___ Material provided

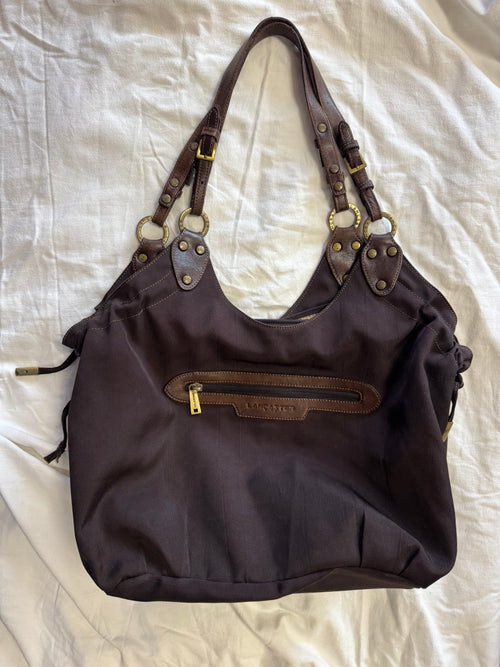Sac en toile Lancaster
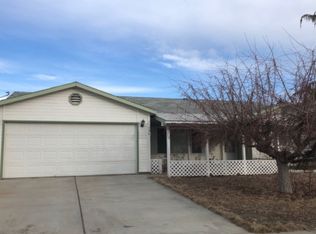 706 Locust St, Omak, WA 98841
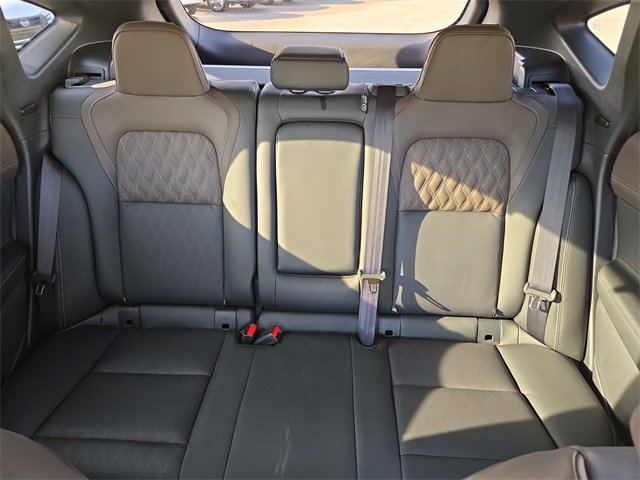 New 2026 Nissan Murano Platinum w/ Cargo Package image 37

______

= Exercise prompt =
The answer is the listing above repeated verbatim, minus its images.

= Answer to this task =
Sac en toile Lancaster
 706 Locust St, Omak, WA 98841
 New 2026 Nissan Murano Platinum w/ Cargo Package image 37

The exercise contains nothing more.